Will you help us do that? (Applause.)

I want to do it in the following way. I want us to say to everybody, we will give you a tax credit -- a refundable tax credit -- for up to $1,500 a year. That will cover the typical community college tuition in any state at any community college. Nearly every American lives within driving distance of community college and every American needs at least that much education. That's the right kind of tax cut for America -- to send the American people to school. (Applause.) I want to give the American families a tax deduction for the cost of any tuition after high school -- undergraduate, postgraduate -- you name it -- at any age, up to $10,000 a year. Will you help me do that? (Applause.)

That's the kind of bridge I want to build to the 21st century. I believe that we owe it to the children and to their parents to build a country in which people can succeed at home, raising their kids, and at work; where everyone who wants to get another education or more education has the chance to do it; where we say you do not have to wreck the fabric of America's community to balance the budget -- if you do it in the right way, it will make America a stronger community. That is the kind of America I want to build.

And let me tell you, folks, this election, as you just heard, is 56 days from today -- eight weeks from today. In the next eight weeks you think about how many people you're going to speak with. Think about all your friends and family members, everybody you might talk to on the telephone living inside or beyond the borders of the state of Missouri. And I want to just ask you to remember this: This is a wonderful rally. You've made me very happy today. But I want you to remember what I said. These are big choices, and the choices you make in the races for Congress and the choice you make in the presidential race is a choice that has more to do with you than us.

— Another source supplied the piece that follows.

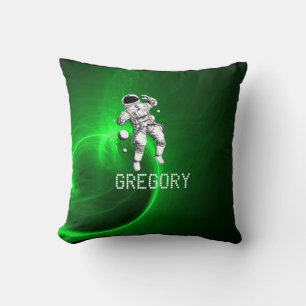 Coussin Astronaut Galaxie Verte Personnalisé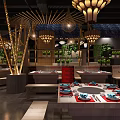 Spacious Hotpot Restaurant Interior With Wooden Tables Wicker Pendant Lights And Green Plants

It has more to do with these children. They have all their tomorrows in front of them. And we owe it to them to make sure that our best days are still ahead. We owe it to them to make sure that the future is brighter than any of our glorious past.

And we can do it. We have it within our means if we have the vision and the will and if we make up our mind, each and every one of us, to be good citizens.

Yes, we have done a lot in the last four years, but the last four years is just an indication of what we can do in the next four and the years beyond if we will build that bridge together. Will you help me do that? (Applause.)

Thank you. God bless you. Let's go get it.